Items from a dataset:
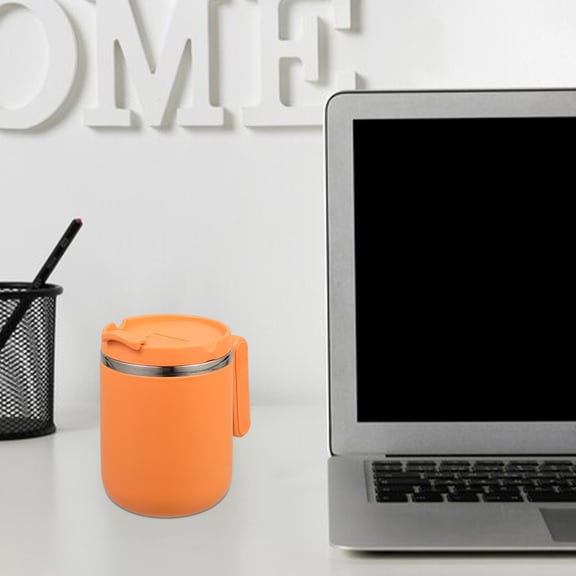 BESTYASH Fancy Coffee Cups with Stainless Steel and Plastic Insulation Great for Storage Use Orange Color Portable Design 500ml
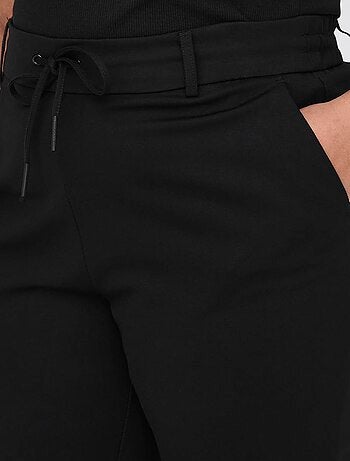 Pantalón recto con cintura elástica, cinturón integrado y 2 bolsillos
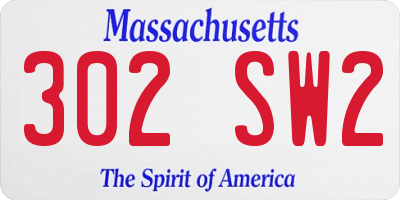 MA license plate 302SW2
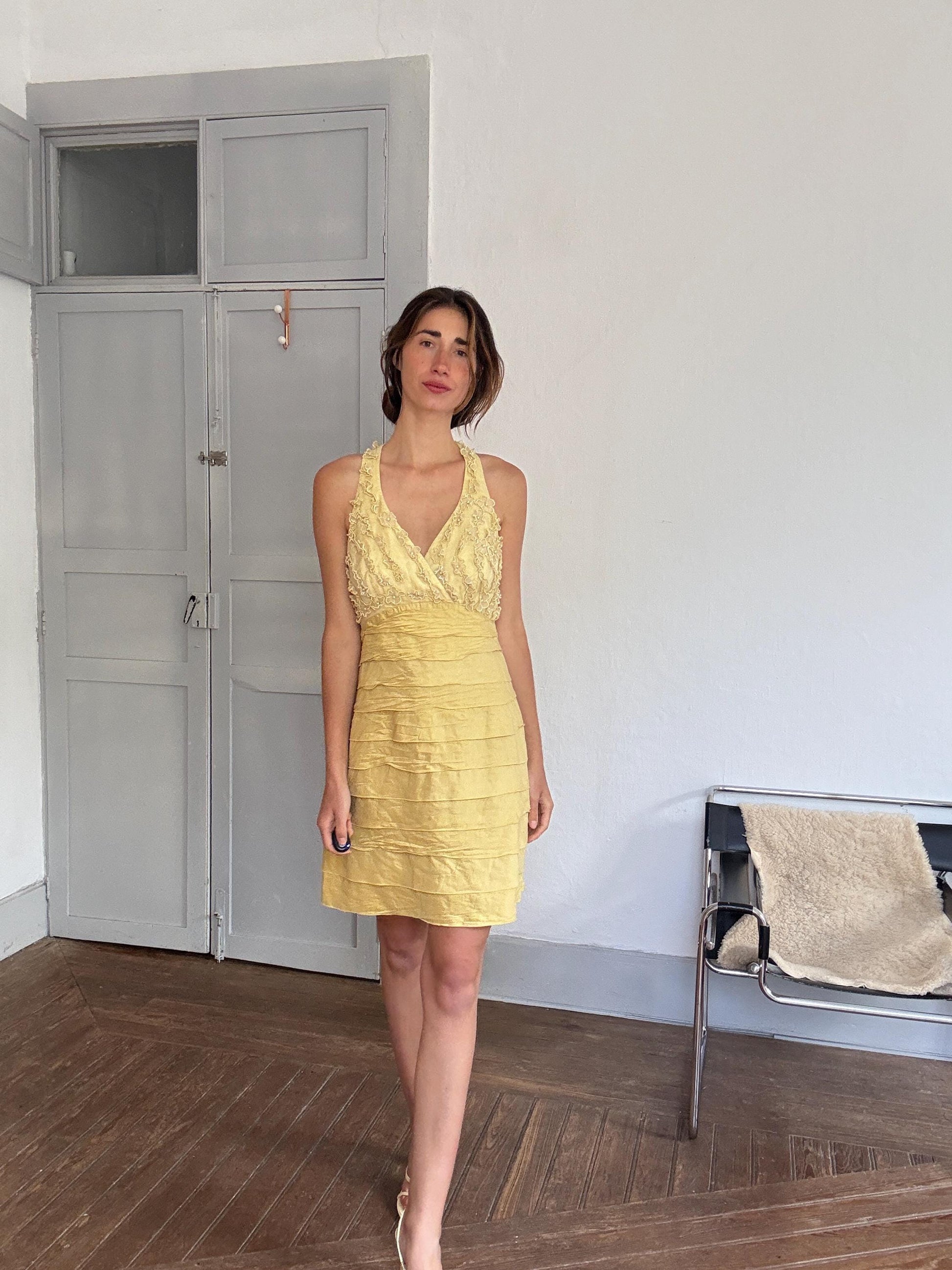 Vintage Luisa Spagnoli silk cocktail dress – lemon yellow embroidered floral bodice, EU 44, elegant party dress, Italian designer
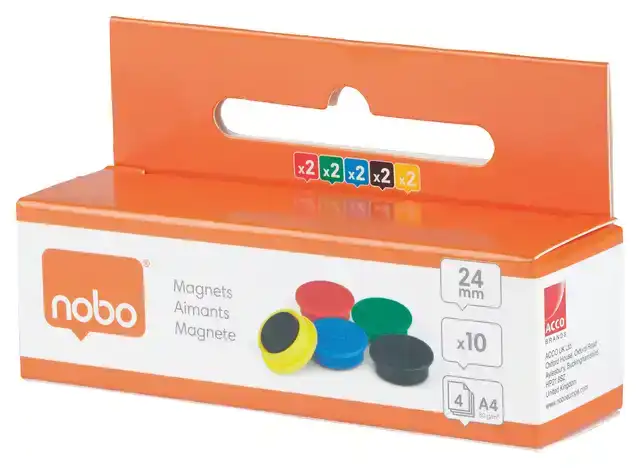 MAGNEET NOBO 24MM ASSORTI 10ST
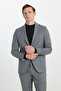 Men's Gray Wool Slim Fit Slim Fit Mono Collar Waist Tie Bag Pocket Suit - 4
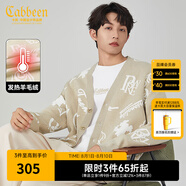 卡賓男裝 字母提花線衫外套2024秋新款寬松針織衫舒適時(shí)尚H 卡其色35 L /175/50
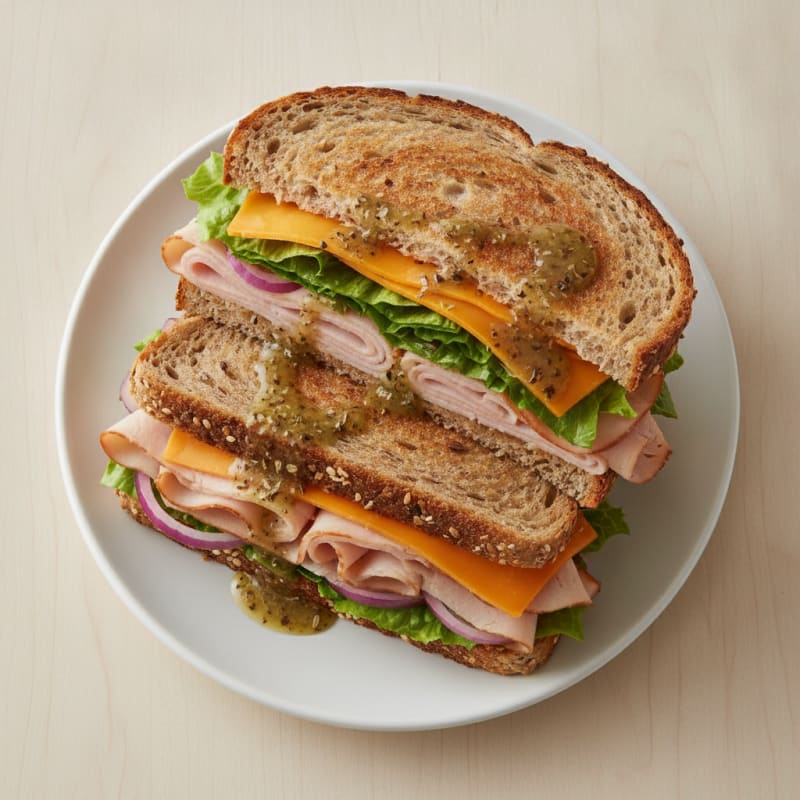 Deli Turkey and Cheddar Sandwich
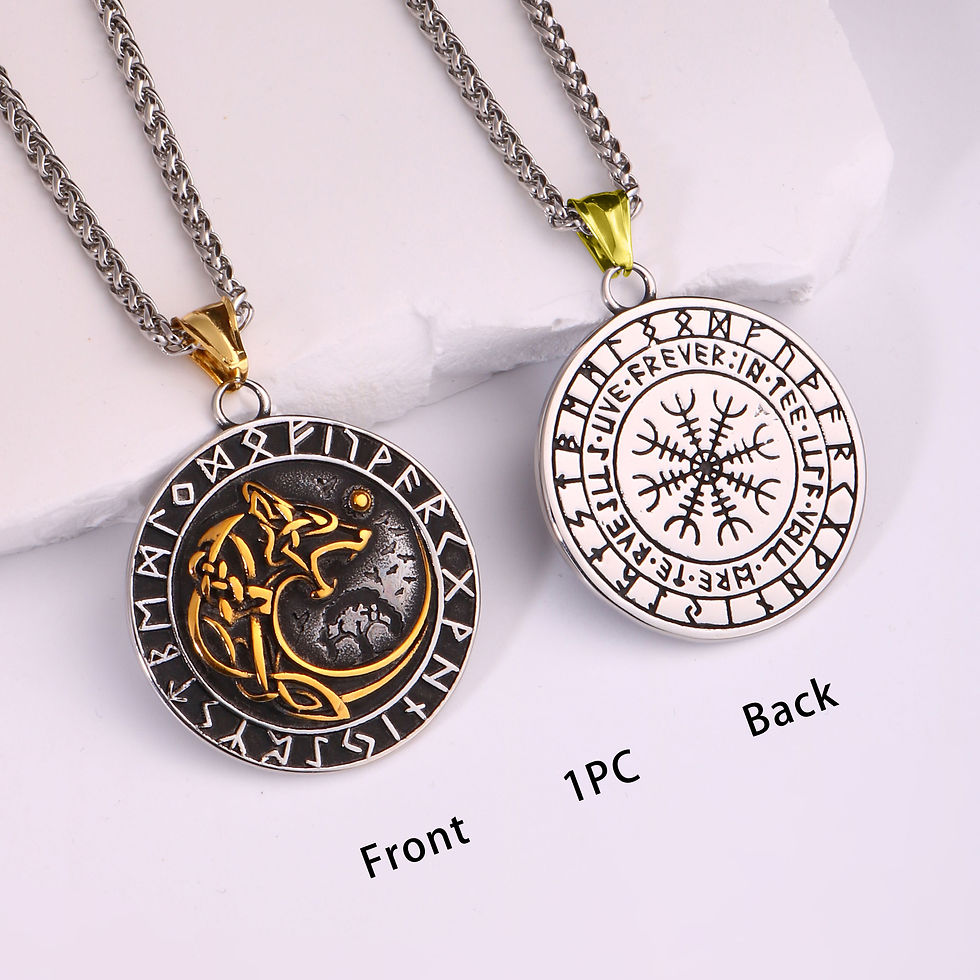 Thumbnail: Medieval Stainless Steel Norse Viking Wolf Necklace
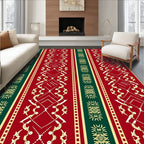 Tribal Stripe Pattern Red Green Design Rug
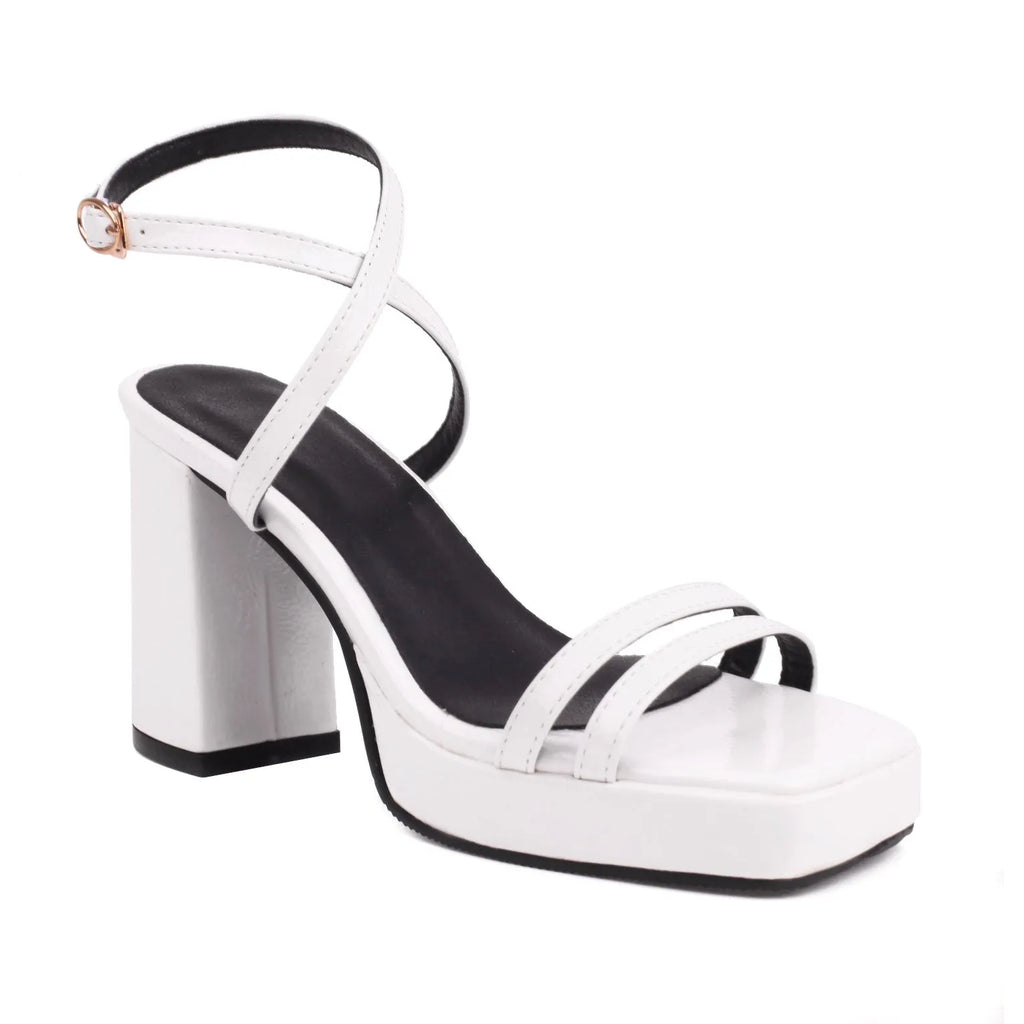 Summer square toe thin strap buckle wide strap high heels in microfiber, white colour option, side view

What is expected: Could you repeat, exactly and with nothing added, the lines from the top of the entries above through the line that holds "MA license plate 302SW2", leaving out any pictures?

Task output:
 BESTYASH Fancy Coffee Cups with Stainless Steel and Plastic Insulation Great for Storage Use Orange Color Portable Design 500ml
 Pantalón recto con cintura elástica, cinturón integrado y 2 bolsillos
 MA license plate 302SW2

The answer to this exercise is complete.